__EXERCISE DIRECTIONS__.
No pictures go into the copy. Write out every line below exactly.

__COLLECTED DATA__.
==============================

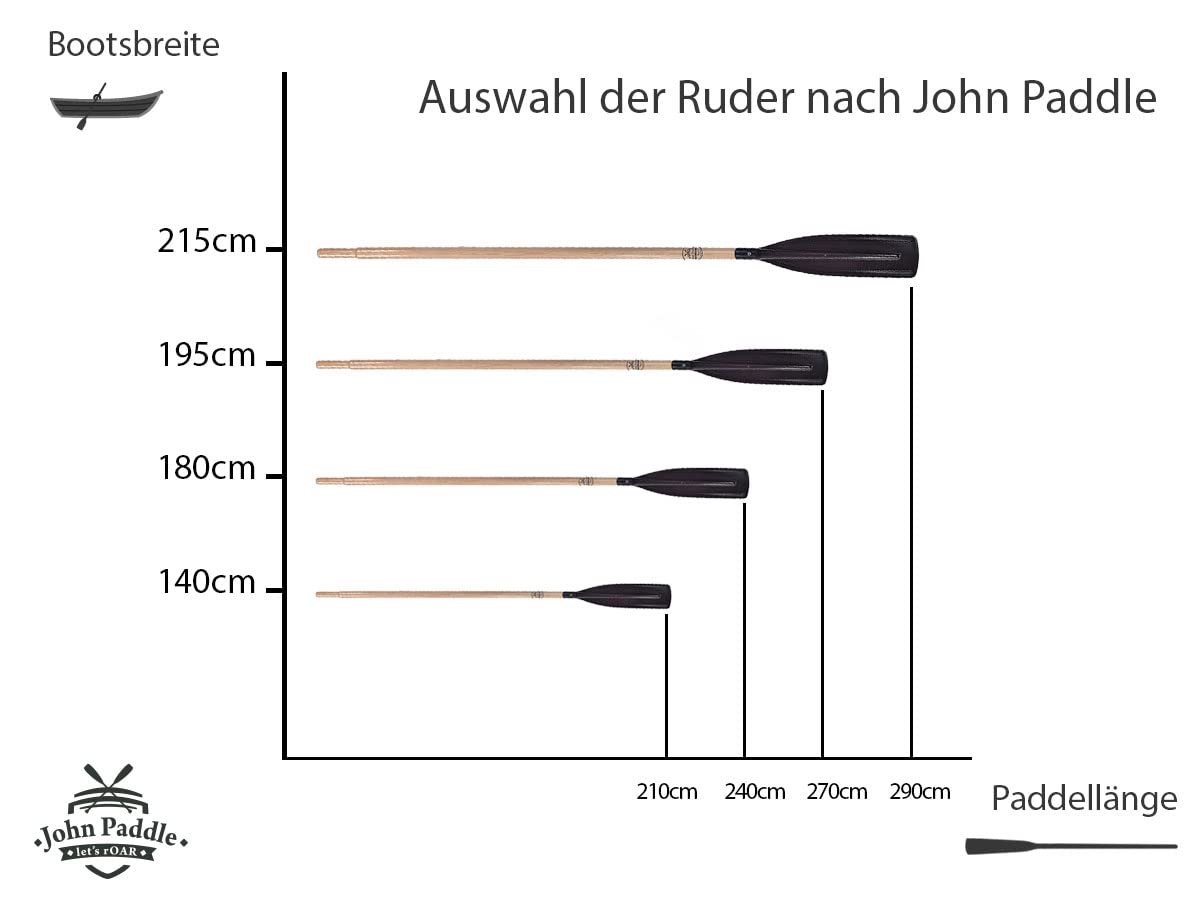 Set De Rames John Paddle 210 Cm En Bois - Avec Fléchettes Inox Et Manchettes 45mm - Pour Bateau, Fabrication Polonaise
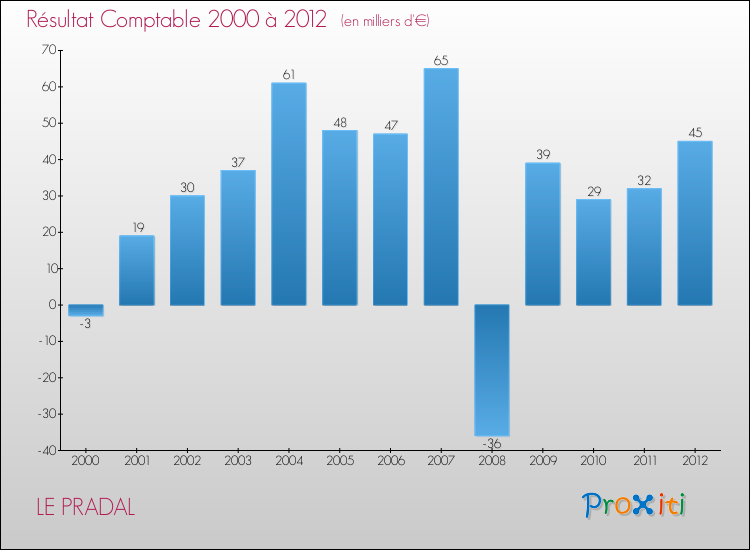 Evolution du résultat comptable pour la commune de LE PRADAL de 2000 à 2012 Evolution du résultat comptable pour LE PRADAL de 2000 à 2012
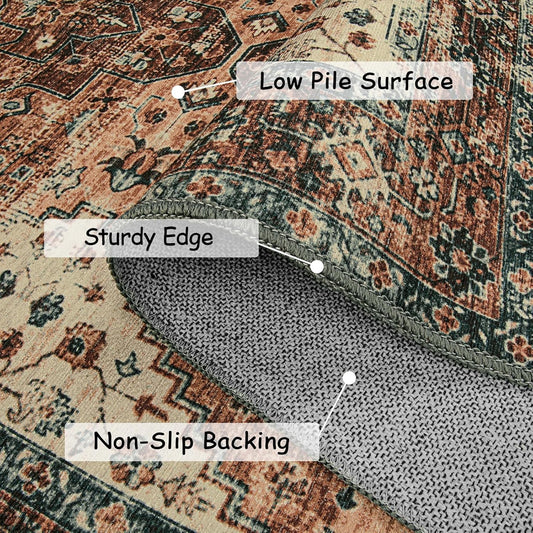 Ultra-Thin Washable Vintage Area Rug - 3x5 Boho Non-Slip Entryway Rug Oriental Medallion Living Room Rug Entrance Mat Carpet for Kitchen Laundry Bathroom Bedroom, Brick Red/Dull Teal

==============================

__COMPLETED EXERCISE__.
 Set De Rames John Paddle 210 Cm En Bois - Avec Fléchettes Inox Et Manchettes 45mm - Pour Bateau, Fabrication Polonaise
 Evolution du résultat comptable pour la commune de LE PRADAL de 2000 à 2012 Evolution du résultat comptable pour LE PRADAL de 2000 à 2012
 Ultra-Thin Washable Vintage Area Rug - 3x5 Boho Non-Slip Entryway Rug Oriental Medallion Living Room Rug Entrance Mat Carpet for Kitchen Laundry Bathroom Bedroom, Brick Red/Dull Teal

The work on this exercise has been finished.